Start of Entries supplied
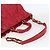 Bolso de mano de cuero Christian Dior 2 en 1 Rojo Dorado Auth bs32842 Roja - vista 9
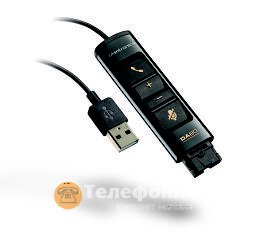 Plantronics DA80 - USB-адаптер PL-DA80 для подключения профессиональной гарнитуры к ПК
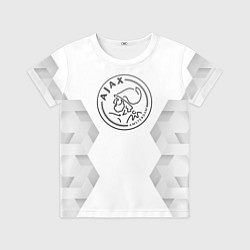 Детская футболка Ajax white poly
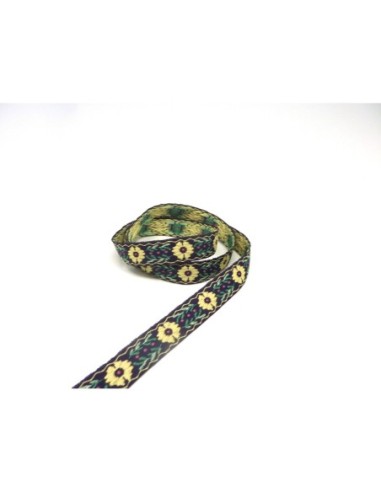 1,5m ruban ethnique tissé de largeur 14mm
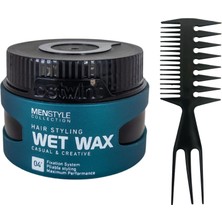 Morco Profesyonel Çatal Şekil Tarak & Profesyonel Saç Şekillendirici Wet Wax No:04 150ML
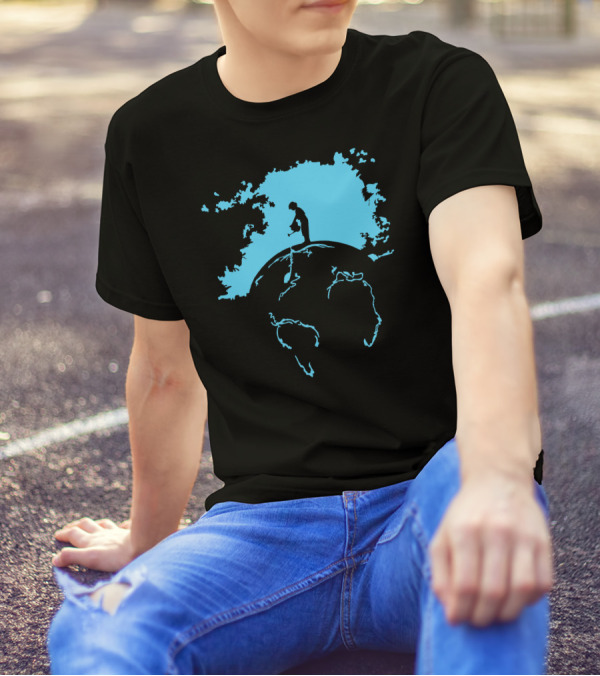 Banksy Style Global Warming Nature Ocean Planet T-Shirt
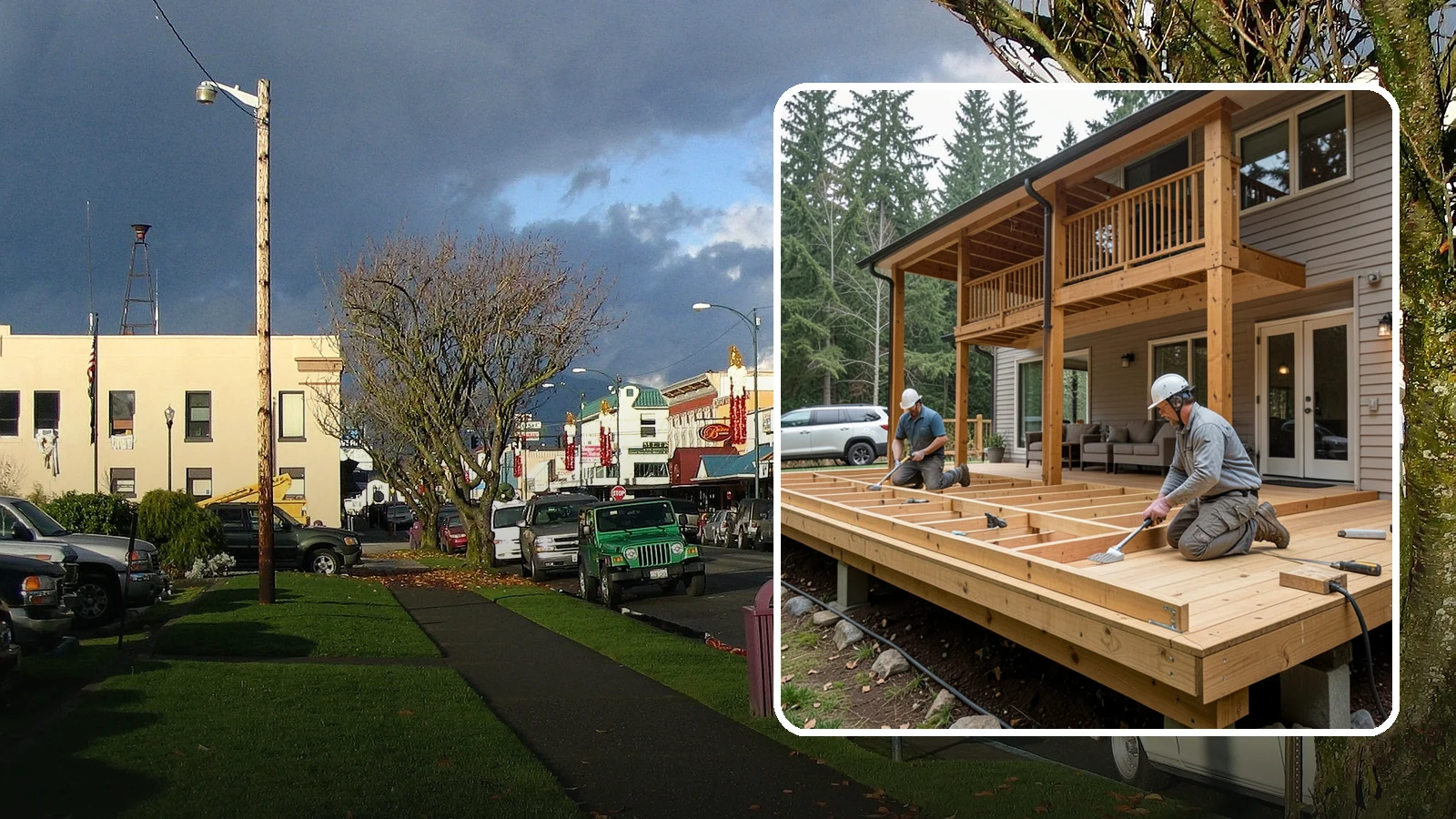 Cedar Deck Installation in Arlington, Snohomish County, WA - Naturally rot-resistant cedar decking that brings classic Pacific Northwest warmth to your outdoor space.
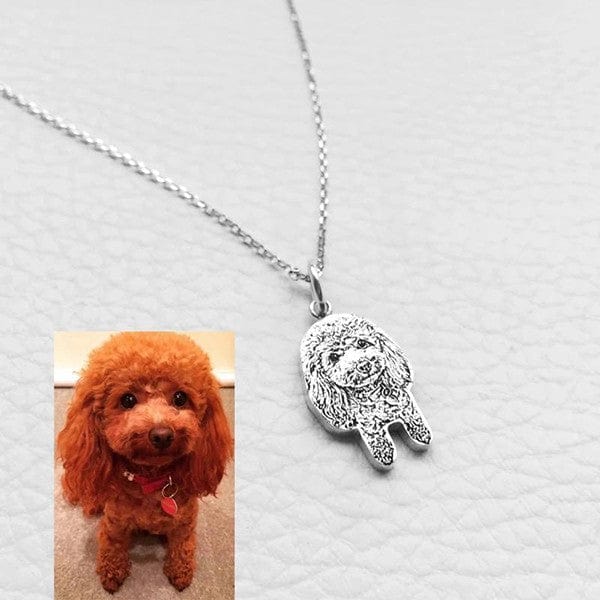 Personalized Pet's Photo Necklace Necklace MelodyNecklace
End of Entries supplied
▶ _What this task involves_: Would you transcribe all of the data exactly, apart from its pictures?

▶ _Written answer_:
 Bolso de mano de cuero Christian Dior 2 en 1 Rojo Dorado Auth bs32842 Roja - vista 9
 Plantronics DA80 - USB-адаптер PL-DA80 для подключения профессиональной гарнитуры к ПК
 Детская футболка Ajax white poly
 1,5m ruban ethnique tissé de largeur 14mm
 Morco Profesyonel Çatal Şekil Tarak & Profesyonel Saç Şekillendirici Wet Wax No:04 150ML
 Banksy Style Global Warming Nature Ocean Planet T-Shirt
 Cedar Deck Installation in Arlington, Snohomish County, WA - Naturally rot-resistant cedar decking that brings classic Pacific Northwest warmth to your outdoor space.
 Personalized Pet's Photo Necklace Necklace MelodyNecklace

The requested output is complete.